The Transport Workers Union just blocked a plan that would have improved commutes and saved the city money without costing union workers a dime. thunders The Wall Street Journal Editorial Board. An arbitrator just sided with the TWU against the MTA and has since blocked “changes to subway schedules” aimed “to cut costs and tailor service to riders’ needs” with “more trains on weekends and busier traffic.” weekdays to reduce waiting times”. few commuters now go to the office on Fridays. The union’s only complaint: “The idea of ​​workers changing their shift schedules was too much to bear.” “Imagine the union, like everyone else, having to adapt to a world changed by the pandemic. I can’t have that.”

Defense Watch: GOP’s Dangerous New Isolationism

“Foolish red meat-type criticism” of US support for Ukraine “threatens to plunder the Republican Party’s traditional advocacy for US world leadership,” despairs ex-Rep. Peter King on the hill.

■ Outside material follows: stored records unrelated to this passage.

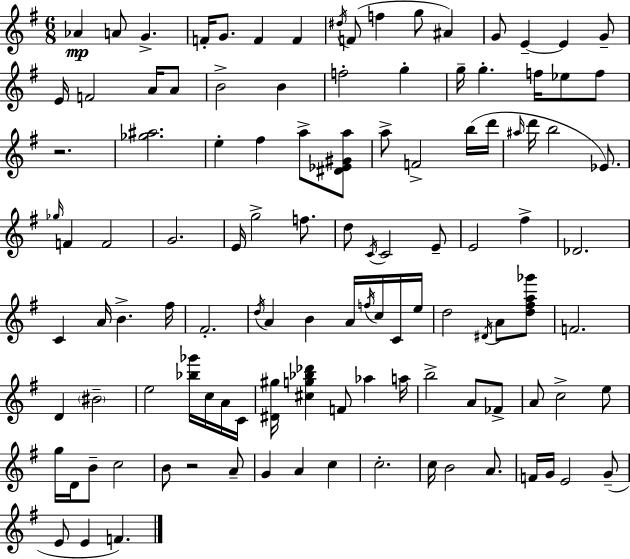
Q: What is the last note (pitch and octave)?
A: F4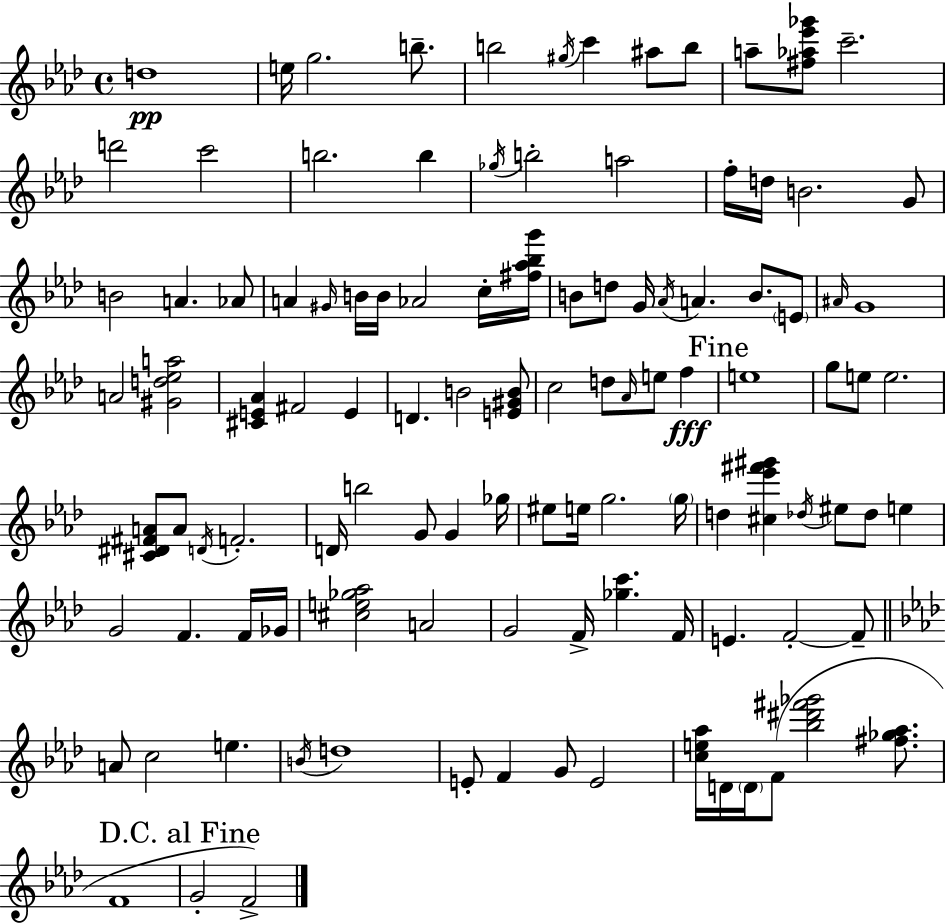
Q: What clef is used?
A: treble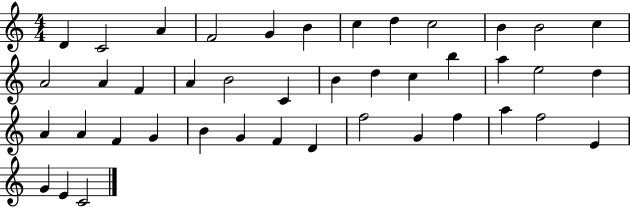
D4/q C4/h A4/q F4/h G4/q B4/q C5/q D5/q C5/h B4/q B4/h C5/q A4/h A4/q F4/q A4/q B4/h C4/q B4/q D5/q C5/q B5/q A5/q E5/h D5/q A4/q A4/q F4/q G4/q B4/q G4/q F4/q D4/q F5/h G4/q F5/q A5/q F5/h E4/q G4/q E4/q C4/h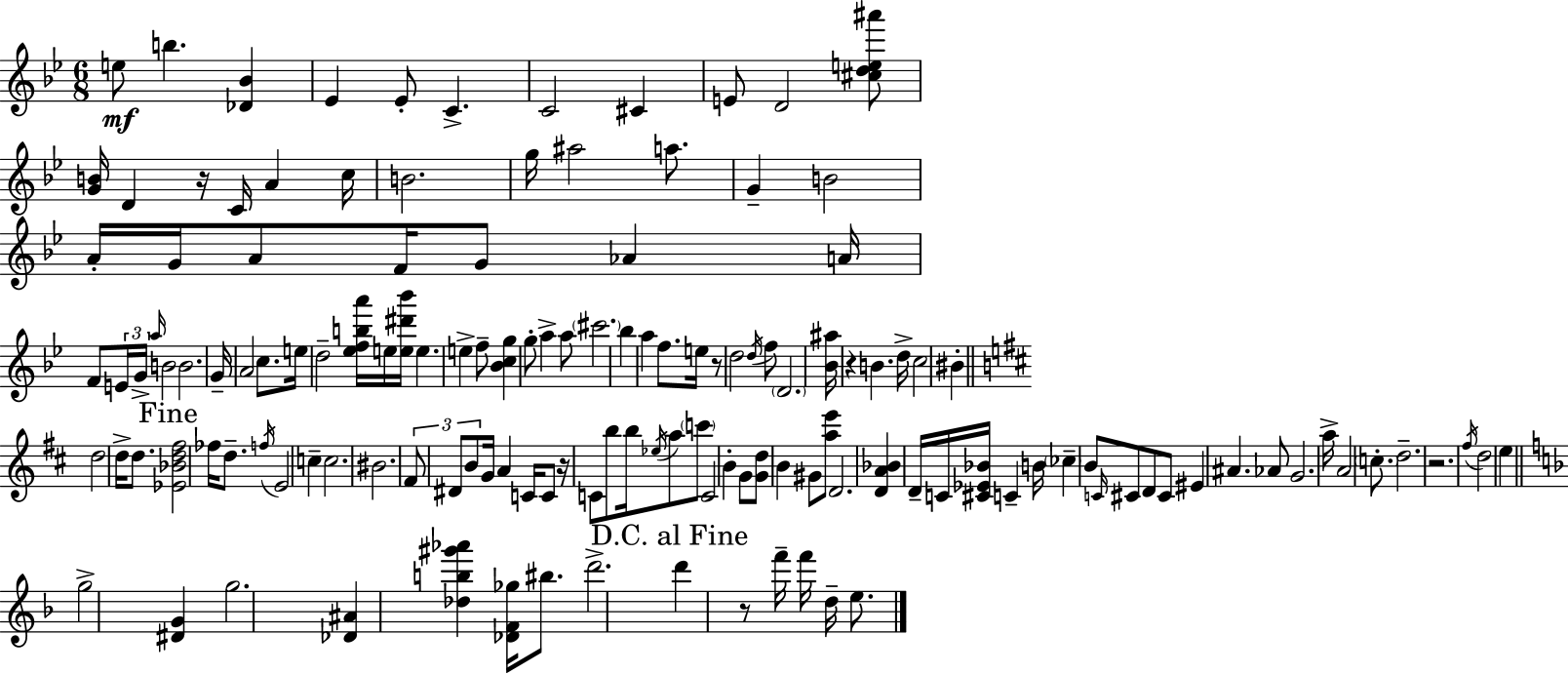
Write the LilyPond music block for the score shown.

For decades, Republicans have stood “staunchly against this appeasement movement.” Consequences of “enabling Vladimir Putin’s criminal aggression” include: “China will be emboldened to attack Taiwan” while “Japan and South Korea will view the United States as an unreliable ally and more will be accommodating to China.” Republicans must “oppose the policies of surrender and appeasement” or else, those of the failed America First era, “they are relegated to the ash heap of history.”

Libertarian: A CHIPS Act Bait & Switch

The CHIPS Act “provides $52 billion to revive US microchip manufacturing,” but now the Biden Commerce Department has warned companies that they “will have to do (and not do) a bunch of other things if they want the money.” , including providing “high-quality” childcare for factory workers. “These strings will significantly undercut chip production by increasing manufacturing costs,” warns Veronique De Rugy of Reason. For example, “when the administration says high-quality childcare, it really means more expensive childcare because of requirements for caregivers to be college-educated and the like.” Companies must also “make all sorts of financial disclosures and share with the government a portion of any windfall profits.” So much for the real focus on making chips: “Politicians say they want to subsidize this and that to improve production or bolster national security, but invariably sabotage themselves by weighing down policies with rules and requirements that have nothing to do with have with” such goals.

Conservative: Biden Throws House Dems Under Bus

President Biden’s embrace of a GOP bill to override criminal justice reform in Washington, D.C., argues Jim Geraghty of National Review, “exposes a deep rift at the center of the Democratic Party.” Biden’s obvious real complaint: The DC measure is “a law Republicans could use to paint Democrats as soft on crime.” But the 173 House Dems who already voted in return for the bill last month “are about as furious with Biden as they were during his presidency.” The prez has covered his own flank, but “the National Republican Congressional Committee is breaking out the party hats.”

Liberal: The problem of Democrat patriotism

“Only 34 percent of progressive activists say they are ‘proud to be American’ compared to 62 percent of Asians, 70 percent of Blacks and 76 percent of Hispanics, the very groups whose interests these activists claim to represent. ” complaints Ruy Teixeira from the liberal patriot, but the progs’ view defines Democrats thanks to “their strong and often dominant influence in related institutions,” such as “nonprofits, foundations, advocacy groups, academia, old media, the arts—the commanding heights of cultural production.” Dems “have sought to unite the country around the need to dismantle ‘systemic racism’ and promote ‘equality’. . . and failed (and will continue to fail)”; same for “uniting the country around the need to save the planet.” Now, “It’s time for the Democrats to return to something tried and true”: the “American civil religion” built “around national symbols, founding documents and ideals, holidays, heroes, epic events, rituals and stories that are bound — and can bind — Americans together across social and regional divisions.